From Passages the most direct association to Adventures of a Brown Man in Search of a Civilization can be made to those films in the programme that preoccupy themselves with the lives of individuals who have lived between various geographical contexts. These include Ayisha Abraham’s I Saw A God Dance (2011) about the self exoticizing, transracial gay dancer Ram Gopal who popularized Indian classical dance in the West during the early half of the twentieth century; an extract from Leslie Thornton’s The Great Invisible (ongoing) which focuses on Isaballe Eberhardt, a Victorian woman who dressed up as a man to travel freely in North Africa during the late nineteenth century, or Aykan Safoglu’s Off White Tulips (2013) a semi personalized account of the queer American writer James Baldwin’s time in Istanbul in the 1960s. The trips made by the filmmaker themselves are also integrated, as in Anita Fernandez’s Un Balcon En Afrique (1980) where Fernandez is seen living in a tree house somewhere in Bissau, observing the city from above, but not physically interacting with it and conversely Narcisa Hirsch’s dreamlike Patagonia (1976) that centers itself on a corporeal engagement with the plains and mountains of Patagonia.

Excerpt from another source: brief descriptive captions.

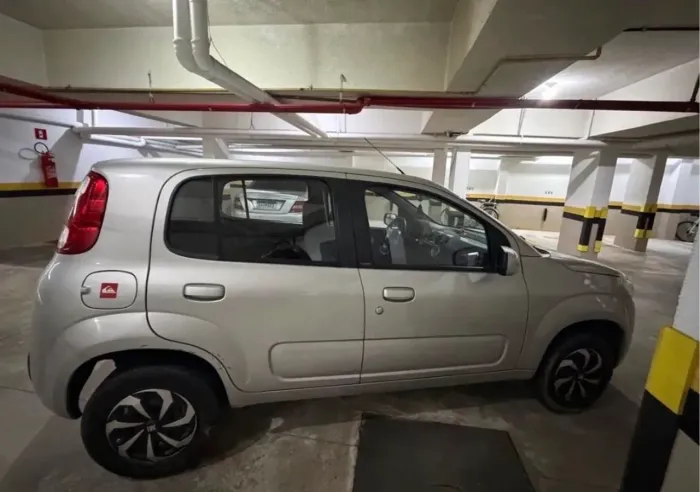 Fiat Uno Vivace/rua 1.0 EVO Fire Flex 8V 5P 2012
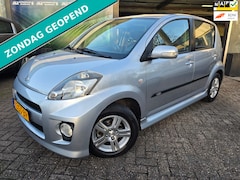 Daihatsu Sirion 2 - 1.3-16V Comfort | NIEUWE APK | AIRCO | ELEC RAMEN | LMV |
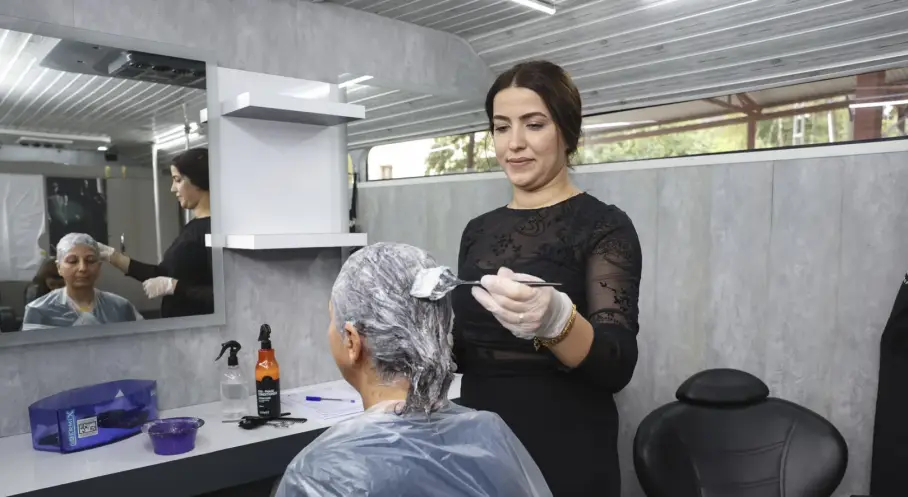 Mersin Büyükşehir Belediyesinden Kırsal Mahallelere Mobil Kuaför Hizmeti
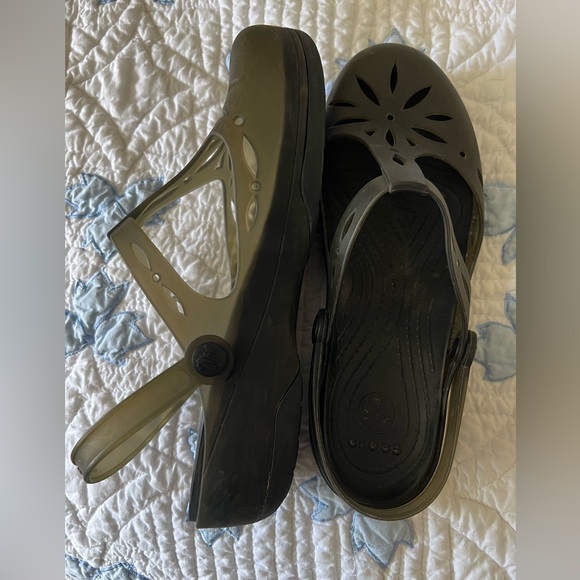 CROCS T-strap Size 9 Maryjanes - Picture 2 of 4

Alongside these films is Mati Diop’s A Thousand Suns (2013) set in contemporary Dakar, which follows the cattle herder Magaye Niang who was the star of one of the most iconic films of African cinema Touki- Bouki (1973) made by Djibril Diop Mambety, who happens to be Mati Diop’s uncle. In Touki-Bouki Niang along with his then companion Mory conspired to find ways to migrate to France, but A Thousand Suns finds them 40 years later still in Dakar, no closer to Paris. The film is a heartbreaking reflection on the notion of self-exile and failed aspirations. Djibril Diop Mamberty himself makes an appearance in Passages in Jean-Pierre Bekolo’s short filmic portrait Grandma’s Grammar (1996) in which the legendary filmmaker ruminates on filmmaking and the potential that the cinematic holds in telling stories of an emotional and affective nature. The subjective and intimate condition of being in exile, and the complexity in expressing these circumstances is further explored in Bouchra Khalili’s Chapter 1: Mother Tongues (2012) from her Speeches Series in which Khalili collaborated with five exiled people based in Paris and its outskirts, inviting them to translate, memorize, and relay fragments of texts from political thought and contemporary culture written by Malcom X, Abdelkrim El Khattabi, Édouard Glissant, Aimé Césaire, and Mahmoud Darwish.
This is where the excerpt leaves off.